SANTA FE — The state last month suspended certain supplemental Medicaid payments to hospitals as it negotiates a dispute with the federal government over the amount New Mexico should receive.
In the past, that affected funding amounting to about $250 million annually, according to Matt Kennicott, spokesman for the state Human Services Department.
“We suspended the payments to make sure we’re doing it right” under the rules of the Centers for Medicare and Medicaid Services, the federal agency that oversees the funding, he said Tuesday.
Alex Valdez, chief executive officer of Christus St.

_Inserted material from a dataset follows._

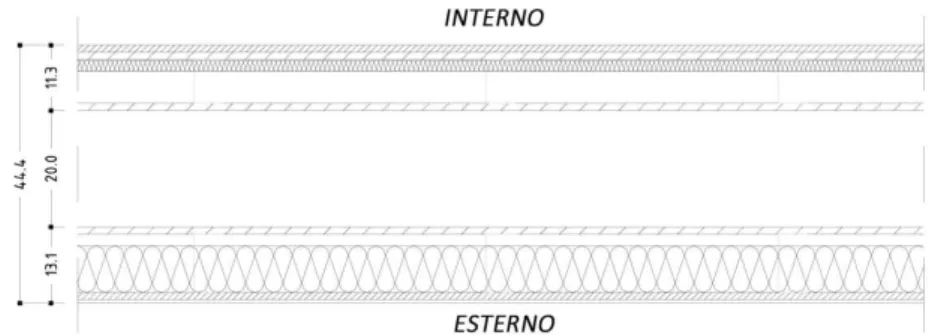 Tabella 4.4 – Parete esterna : caratteristiche dei materiali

Vincent Regional Medical Center in Santa Fe, said he is “very concerned” about the matter, which could affect the $6 million the hospital gets annually for being a “sole community provider.”

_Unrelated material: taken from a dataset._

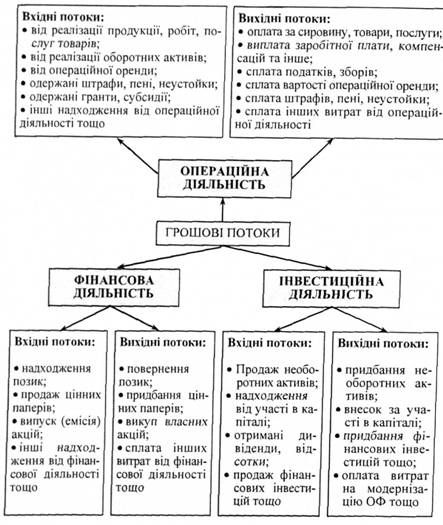 класифікація грошових потоків залежно від видів діяльності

The federal dollars under that program are matched with a contribution from the county indigent fund, whose dollars are allocated by the Santa Fe County Commission.
The federal supplemental funding under question, which goes to hospitals across the state, is made up primarily of the sole community provider, “disproportionate share” (for hospitals that see more uninsured patients than others in its community), and county indigent programs, according to Kennicott.

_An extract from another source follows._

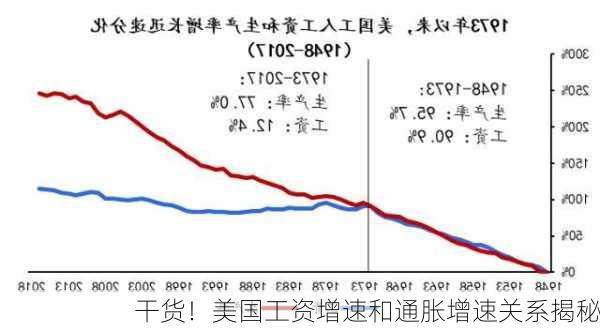 干货！美国工资增速和通胀增速关系揭秘-第2张图片-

Sole community provider funding affects mainly hospitals that are alone in providing acute and high-level medical care in their region, so it affects smaller cities and towns more than Albuquerque.
But hospitals such as the University of New Mexico Hospital get other supplemental funding, such as the disproportionate share program. Steve McKernan, chief executive officer for UNMH, said that hospital gets $32 million annually through the supplemental funding that has been impacted by the payment suspension.
“Normally, the payment we would get has not been made yet,” he said. Such payments to hospitals are made on a quarterly basis, Kennicott said, and the December payment was not sent out.
Kennicott declined to elaborate on the specific elements in New Mexico’s supplemental funding that are under federal scrutiny, noting that talks are in a sensitive stage. “It’s about the methodology used to determine the amount of supplemental payments to hospitals,” he said.
Asked if New Mexico might be required to repay any federal money it already has received, Kennicott said, “I don’t think that’s likely … We really want to keep this looking forward.”